Problem Description: Given a $5 \times 5$ chessboard containing 12 white knights, 12 black knights, and a blank space. The goal is to move the knights according to the "knight's move" rule to achieve a specific target layout that is centrally symmetric within 15 moves.
Essence of the Problem: A variant of the puzzle problem with step limits.

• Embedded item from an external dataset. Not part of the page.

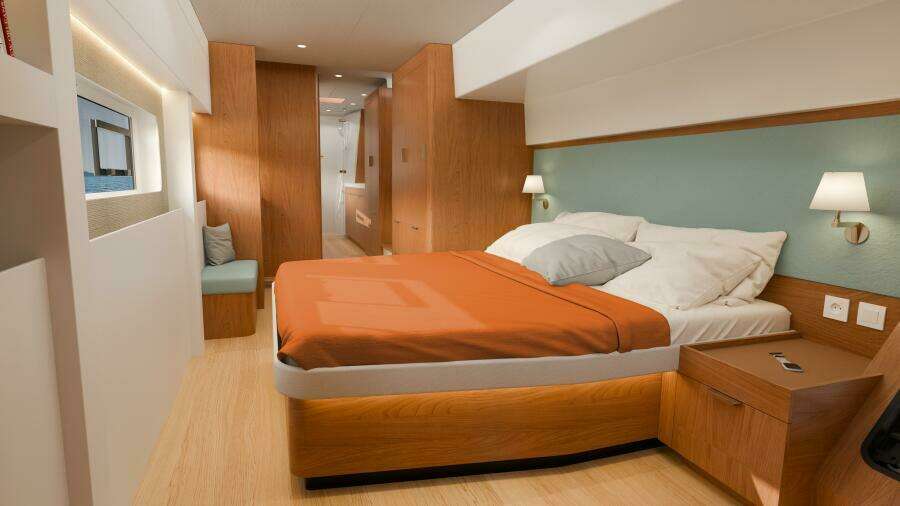 View Of The Double Bed In The Owner’s Cabin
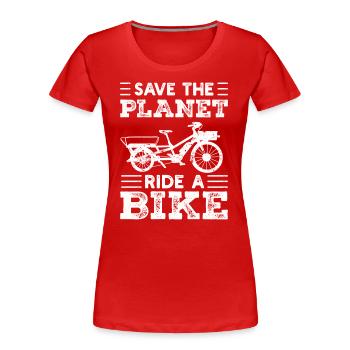 Save The Planet Vélo cargo Vélo cargo - T-shirt bio Premium Femme - rouge - Devant - Mia (176cm)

Core Solving Idea: This problem is essentially an extended version of the N-Puzzle problem. Its evaluation function $h(x)$ cannot simply use Manhattan distance, but should use the total number of misplaced knights between the current board and the target board. Since each knight can only be positioned correctly by moving once according to the knight's move, the number of misplaced points is strictly admissible ($h(x) \le h^*(x)$). Coupled with a strong limit of max_dep = 15, the IDA* recursion tree will collapse massively due to too many misplaced points between the 5th and 10th layers, thus achieving instant control.